The Ghanaian Cedi is experiencing a significant resurgence after months of instability, demonstrating one of its most impressive performances in recent memory. This recovery signals a potential turning point for the Ghanaian economy.
Cedi's Appreciation Against Major Currencies
Over the past few weeks, the Cedi has appreciated considerably against major trading currencies, indicating renewed market confidence, improved macroeconomic management, and effective policy interventions by the Bank of Ghana (BoG).
Specifically, between mid-October and late October 2025, the Cedi appreciated to GH¢10.85 per US Dollar (+9.68%), GH¢14.42 per Pound (+10.00%), and GH¢12.61 per Euro (+9.16%) on the interbank market. This positive trend was also reflected in the retail market.
Factors Driving the Recovery
Several factors have contributed to the Cedi's recent strength:
- Bank of Ghana's Interventions: The BoG's open-market operations, strategic foreign exchange sales, and tighter monetary policy have played a crucial role in stabilizing the currency.
- Improved External Conditions: The disbursement of the second tranche of the IMF Extended Credit Facility (ECF) injected liquidity into the market and boosted reserves.
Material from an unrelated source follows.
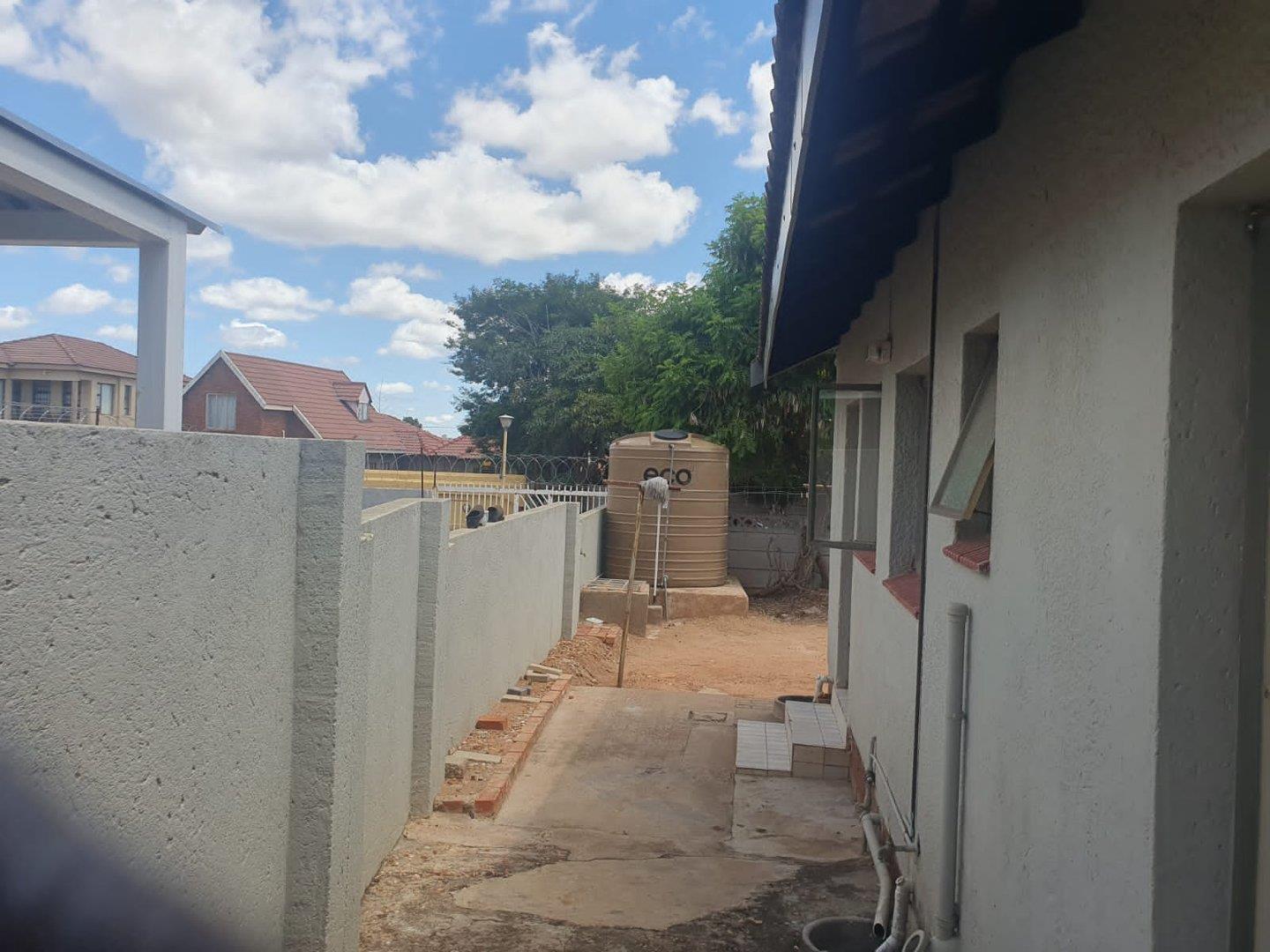 House for sale in Flora Park P24112530566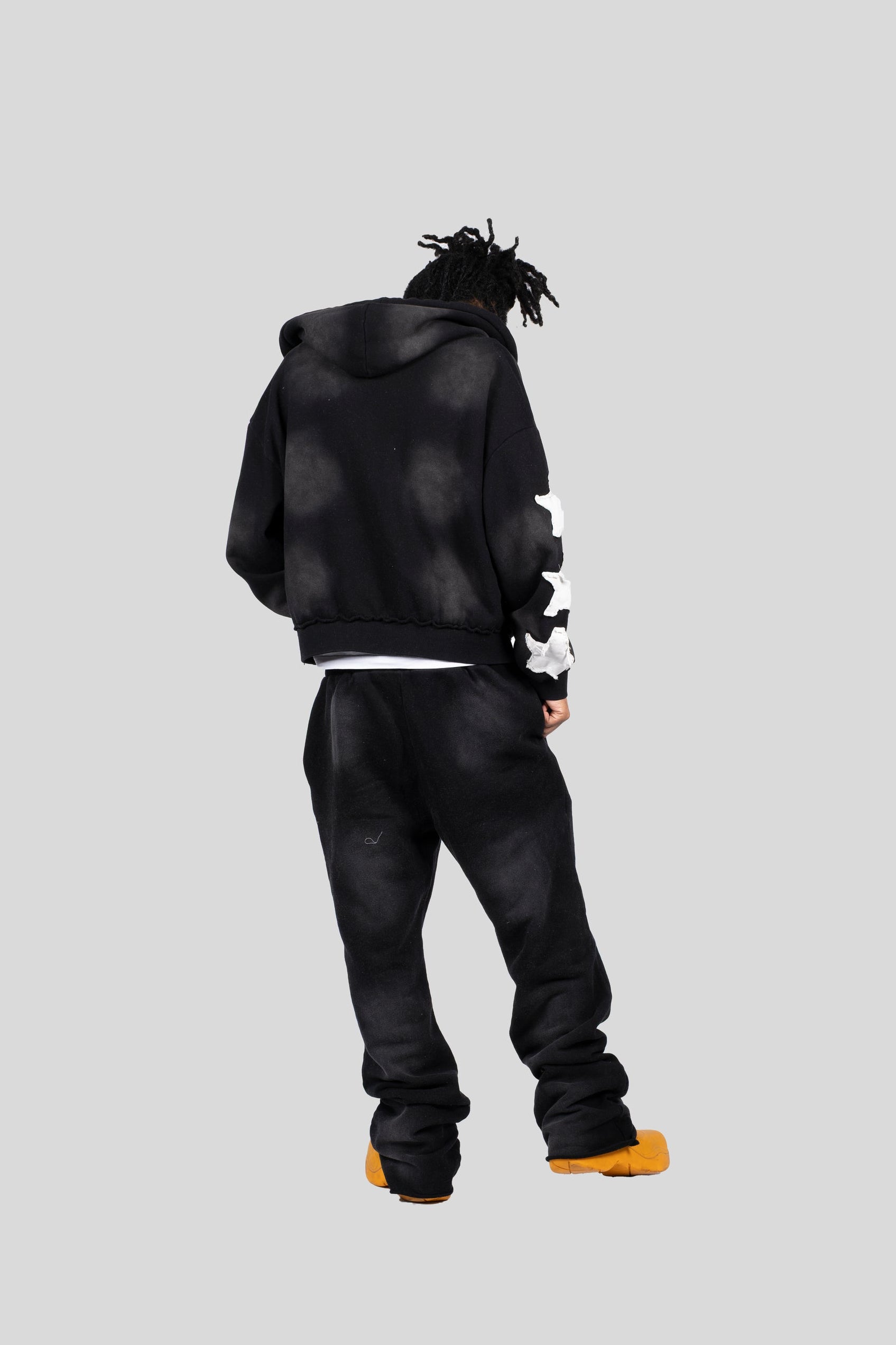 VISIONZ SWEATS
- Export Performance and Cocoa Receipts: Early inflows from cocoa exports have also supported the Cedi.
Ghana's gross international reserves currently stand at approximately US$6.8 billion, covering about 3.1 months of imports.
Optimism and Future Outlook
This turnaround has sparked optimism within financial circles and ignited discussions about Ghana's journey towards economic stability and resilience. However, sustained efforts are needed to consolidate these gains and ensure long-term economic prosperity for Ghana.